To reduce this risk, current guidelines from the American Heart Association recommend at least three weeks of blood-thinning medication before cardioversion if your abnormal rhythm has lasted more than two days. After the procedure, you’ll typically continue blood thinners for at least four more weeks, because the heart’s upper chambers can remain sluggish during that recovery window even after normal rhythm returns.

If waiting three weeks isn’t practical, your doctor can check for clots using a specialized ultrasound called a transesophageal echocardiogram. A small probe is passed down your throat to get a close-up view of the back of the heart, where clots are most likely to hide. If no clots are found, cardioversion can proceed sooner.

What to Expect During Electrical Cardioversion

The procedure itself is quick, often taking only a few minutes of active treatment. You’ll have an IV placed, and adhesive electrode pads will be positioned on your chest (and sometimes your back). Because the shock can be uncomfortable, you’ll receive sedation through the IV so you’re briefly asleep during the actual moment of the shock.

The medical team starts with a set energy level and increases it if the first attempt doesn’t work. A common approach uses a sequence starting at 200 joules and escalating to 300, then 360 joules if needed. Your heart rhythm is monitored continuously, and the shock is precisely synchronized to a specific point in your heartbeat to avoid triggering a more dangerous rhythm.

How Timing Affects Success

The longer your heart has been in an abnormal rhythm, the harder it is to reset. Data on electrical cardioversion for atrial fibrillation shows a clear pattern: episodes lasting zero to three days convert successfully about 77% of the time. That drops to around 66% for episodes lasting four days to three months, and falls further to about 60% for episodes persisting beyond three months. This is one reason doctors often encourage cardioversion sooner rather than later when a rhythm control strategy is chosen.

Risks and Complications

Cardioversion is considered safe, but it’s not risk-free. The most serious concern is stroke. A large nationwide study found that about 1% of patients experienced a stroke within the year following elective cardioversion. The risk is concentrated in the first two weeks after the procedure, when stroke rates are roughly seven and a half times higher than during the rest of the year. This is precisely why the blood-thinning protocol before and after the procedure is so important.

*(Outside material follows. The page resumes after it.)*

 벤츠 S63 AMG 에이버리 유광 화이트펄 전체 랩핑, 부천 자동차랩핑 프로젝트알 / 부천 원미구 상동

Other possible complications include skin irritation or mild burns at the electrode pad sites, and in rare cases, the heart can briefly pause after the shock before resuming its normal rhythm. Some people experience a temporary drop in blood pressure from the sedation. There’s also a chance the procedure simply doesn’t work, or that it works initially but the abnormal rhythm returns days to weeks later.

Recovery After Cardioversion

Because you receive sedation, you’ll feel drowsy afterward and won’t be able to drive for 24 hours. You’ll need a responsible adult to take you home. Most people feel back to normal within a day or so, though some notice mild chest soreness where the pads were placed. Your doctor will let you know when you can return to work and normal activities, which for many people is the next day.

The weeks after cardioversion matter as much as the procedure itself. You’ll stay on blood thinners for at least four weeks, and your doctor may prescribe an antiarrhythmic medication to help your heart maintain its restored rhythm. Even with these precautions, atrial fibrillation recurs in a significant number of people over time, and some may need repeat cardioversion or alternative treatments like catheter ablation down the line.